Kontakt

The Log

The Log is a data structure which acts as unifying abstraction for real-time data.

The most important background article about The Log can be found on the LinkedIn Blog - a great introduction which explains the rationale behind building Kafka, which is de-facto standard of distributed logs!

A much more recent article series is Building a Distributed Log from Scratch (Part1, Part2, Part3, Part4, Part5), which gives great background info on Kafka and Nats Streaming.

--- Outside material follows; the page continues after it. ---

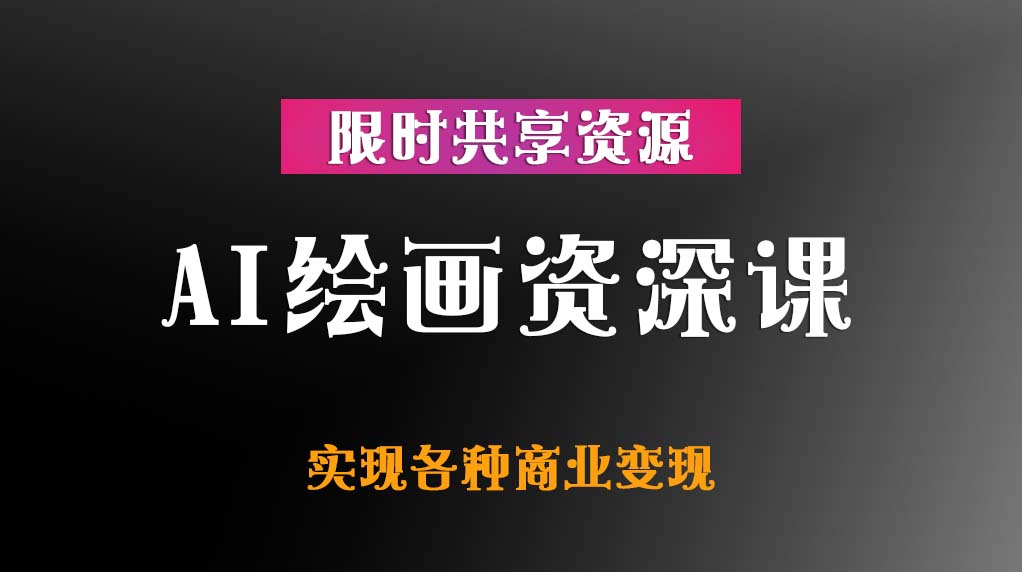 AI绘画资深课掌握AI绘画，实现各种商业变现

We are assessing this pattern as TRY instead of adopt (for now), because I see it as highly relevant in many architectures; though we did not apply the pattern in many real world projects yet in full depth.

Benefits

  • the log can be used a unifying structure in a distributed system, decoupling data producers and consumers
  • captures state changes (though events which are entries in the log), which contains more information than just storing the current state.
  • also related to Event Sourcing / CQRS, which applies very similar principles for the application architecture domain.

Drawbacks

  • for legacy (e.g. database) systems, it can be sometimes hard to extract the event / log information. Projects which can help there:
    • Debezium: Reads the Postgres WAL, or Mysql Transaction log and publishes changes to Kafka.
    • Lapidus does the same as Debrezium, but can also publish to Nats Streaming.
    • The Postgres Replication Slots feature together with wal2json or jsoncdc can be used (lowlevel).
    • Transicator does something similarish it seems; but also contains a complete HTTP server.
  • To ensure the log contains all information, you should use the log as primary communication pattern between systems. The utility of the log shrinks with every additional communication side-channel being created.

Log Storage Solutions

  • Apache Kafka: The "grandfather" of distributed logs, the de-facto standard in many bigger deployments. Written in Java. Has a fat client with more logic, as it has to remember the position in the stream. Needs zookeeper, that's why I personally would refrain from using it in smaller deployments.
  • Nats Streaming: Lightweight log storage written in Go. Not just the client can remember the stream position, but also the server can remember the client's position in the stream - which makes the clients thinner. Soon has HA/Clustering support! Currently my recommendation for our kinds of projects.
  • Redis Streams (soon, starting with Redis 5.0): If you use Redis already, very easy to get started with. Drawback: The full  stream has to fit in memory; so for infinite logs this is not an option. May be an option for limited-size logs (with a retention time of e.g. a few days).

For broader context and related tools, see queues.io, which links many projects in this space (and Kafka/Nats are also in this list).